The rat hearts she and her team created could contract with a force equal to about two percent of adult rat heart function and 25 percent of 16-week fetal human heart function. The next step is to optimize the mix of cells added to the ECM and the culture conditions for the maturing hearts so as to encourage optimal growth at each stage of maturity.

The team is also experimenting with pig hearts, which are about the same size as humans', and have successfully generated ECM's from them.

The hope

Someday, doctors may routinely extract cells from heart failure patients and use them to reseed a new organ from a cadaver-derived ECM. What types of cells those would be isn't known yet.

"It depends on what cells are best," says Taylor. "Bone marrow-derived stem cells are already used to treat hearts. It may be a mix of cells from bone marrow, hearts, and skeletal muscle. We'll use whatever cells we think are going to give us the best shot."

Surgeons already patch holes in the heart, or areas damaged by heart attacks, with pieces of heart muscle. Patches can be grown in the lab, but it's hard to get them anywhere near thick enough because of difficulties keeping the tissue oxygenated. The ECM technique, however, has good potential for overcoming this limitation because it uses the original circulatory system to oxygenate the growing hearts.

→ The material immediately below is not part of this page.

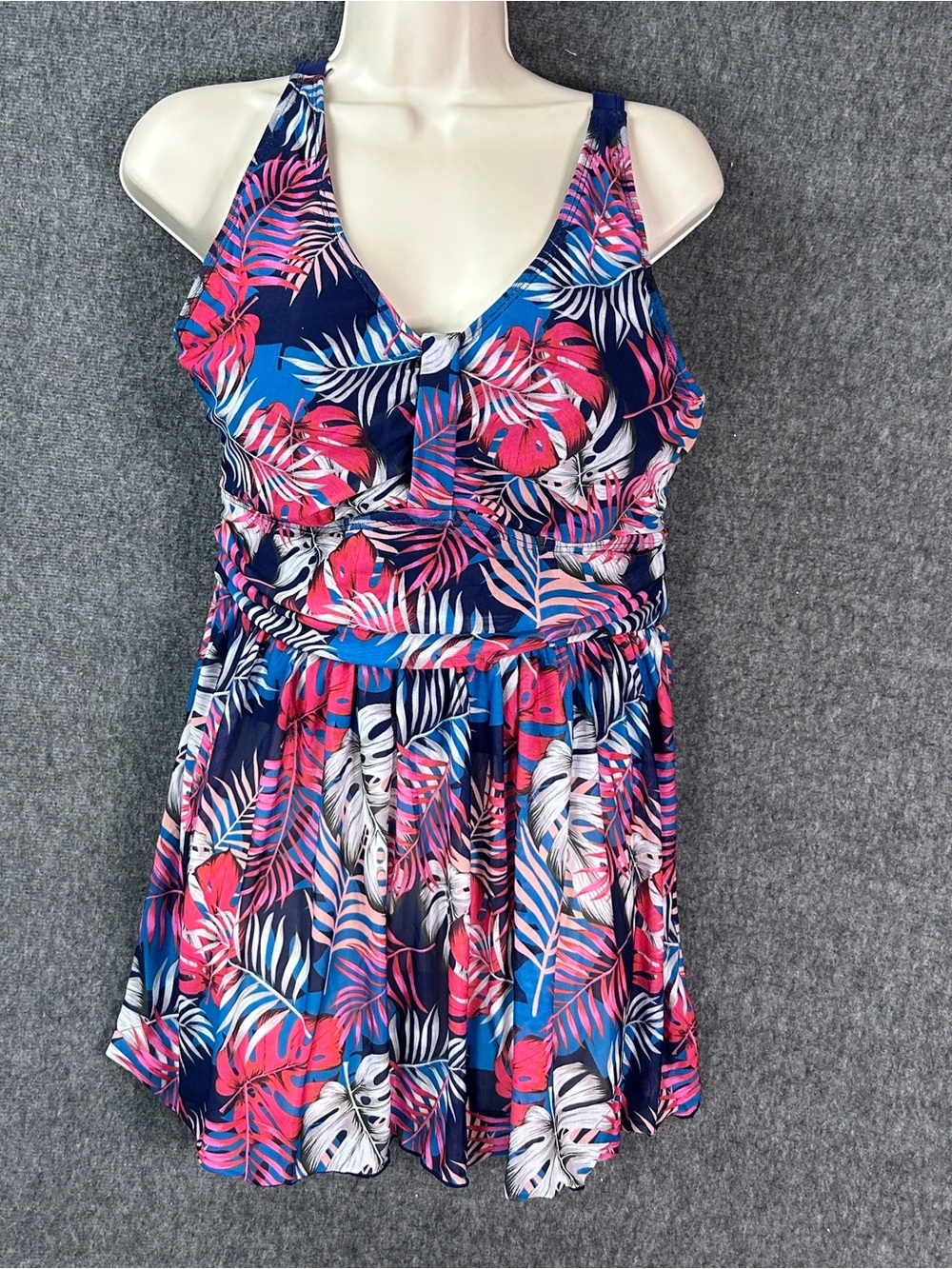BloomChic Swimdress Womens 12 Multicolor Tropical Leaf Bow Front Swimsuit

"The thickness of the ECM is key," Taylor explains. "If the matrix is there, we can recellularize its whole thickness."

While the ECM technique can supply heart patches, she says its main application is likely to be in patients who need a whole new heart. With too few donor hearts available, the ECM heart may fill the gap and help patients rid themselves of mechanical assist devices much earlier.

The potential is great, but "commercialization is not our goal," says Taylor. "It's getting this to patients safely and effectively.

"I'd like to think that these kinds of innovations will continue to happen at the U because the state realizes that we can change the world of medicine here in Minnesota."